For Donald Macleod, Jesus is ontologically sinless and so incapable of sin. Jesus’ humanity is genuine in every respect, but also utterly sinless. The human nature and flesh assumed by the eternal Son in the incarnation was a sinless human nature, sinless flesh. As such, Jesus Christ was free of both actual sin and inherent sin (Macleod, The Person of Christ Contours in Christian Theology, IVP, 1998, 221).
There was no lust. There was no affinity with sin. There was no proclivity to sin. There was no possibility of temptation from within. In no respect was he fallen and in no respect was his nature corrupt (222).

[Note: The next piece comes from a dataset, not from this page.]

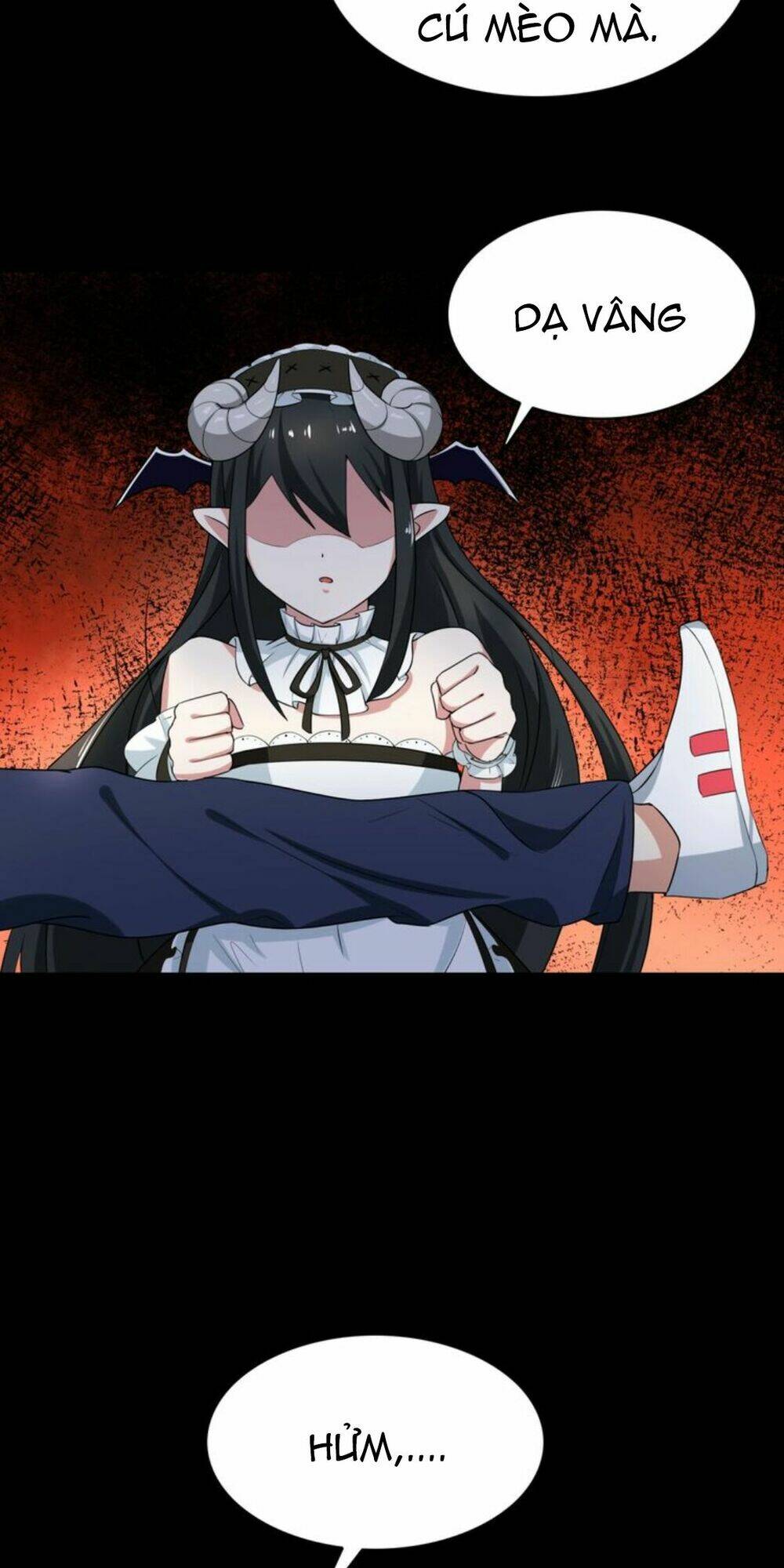 ma vương đại nhân là nữ hầu chapter 4 24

Macleod develops his own position in dialogue with, and refutation of, Edward Irving’s doctrine, whom he accuses of a Nestorian separation of the human nature from the person of Christ. He rejects Irving’s idea that in the incarnation, the Son assumed a ‘fallen’ human nature on the grounds that “it is impossible to maintain a distinction between ‘fallen’ and ‘sinful.’ Fallen Adam is sinful Adam. Fallen nature is sinful nature, dominated by ‘the flesh’ and characterized by total depravity” (228). According to Macleod, it is not enough to say that Jesus did not sin; one must go further and insist that he was unable to sin.

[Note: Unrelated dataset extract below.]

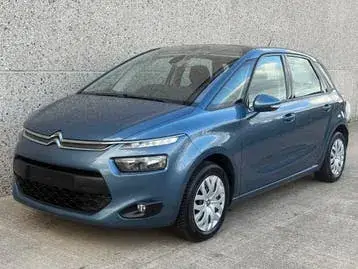 Citroen C4 Picasso 2014 photo 2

The crucial issue is whether Christ could have willed to sin. The answer rests entirely on his identity. He was the Son of God, ‘very God of very God’. If he sinned, God sinned. At this level, the impeccability of Christ is absolute. It rests not upon his unique endowment with the Spirit nor upon the indefectibility of God’s redemptive purpose, but upon the fact that he is who he is (229-230).
This is not to say that Jesus knew and relied on his sinlessness. Indeed, faced with temptation, he utilised every resource also available to Christians generally, in order to overcome temptation: scripture, the Holy Spirit’s presence, etc. By standing against and resisting temptation, Jesus serves as an example to all believers.
Macleod’s doctrine raises certain questions. Perhaps most importantly is his view of Jesus’ temptations which he limits to what he calls “sinless human weaknesses”: although Jesus could be tempted by such things as hunger, there was nothing within his person that could issue in temptation. If it is the case, however, that Jesus “was tempted in all things as we are, yet without sin” (Hebrews 4:15), Macleod’s proposal is too narrow, fails to do justice to the portrayal of Jesus’ temptations in scripture, and leaves us with a sense that in fact, Jesus was not really like us at all, and thus not really equipped to be the kind of faithful and sympathetic high priest that Hebrews describes.
Another concern is Macleod’s rejection of Gregory Nazianzus’s teaching that “what is not assumed is not healed.” Macleod rightly notes that this teaching arose with respect to Gregory’s rejection of Apollinarianism, but then proceeds to insist that it can have no relevance beyond that provenance. Is it actually “quite perverse to suggest that ‘the unassumed’ in this statement is ‘fallen human nature’” (224), as Macleod insists? In fact, Apollinaris’s reason for rejecting the idea that Jesus had a human mind was because the mind was “filthy,” a great source of sin.
In the end, Macleod fails to convince. In seeking to say more than what scripture says, he ends up saying less, and in so doing, diminishes the glory of the gospel and the comfort believers can gain from it.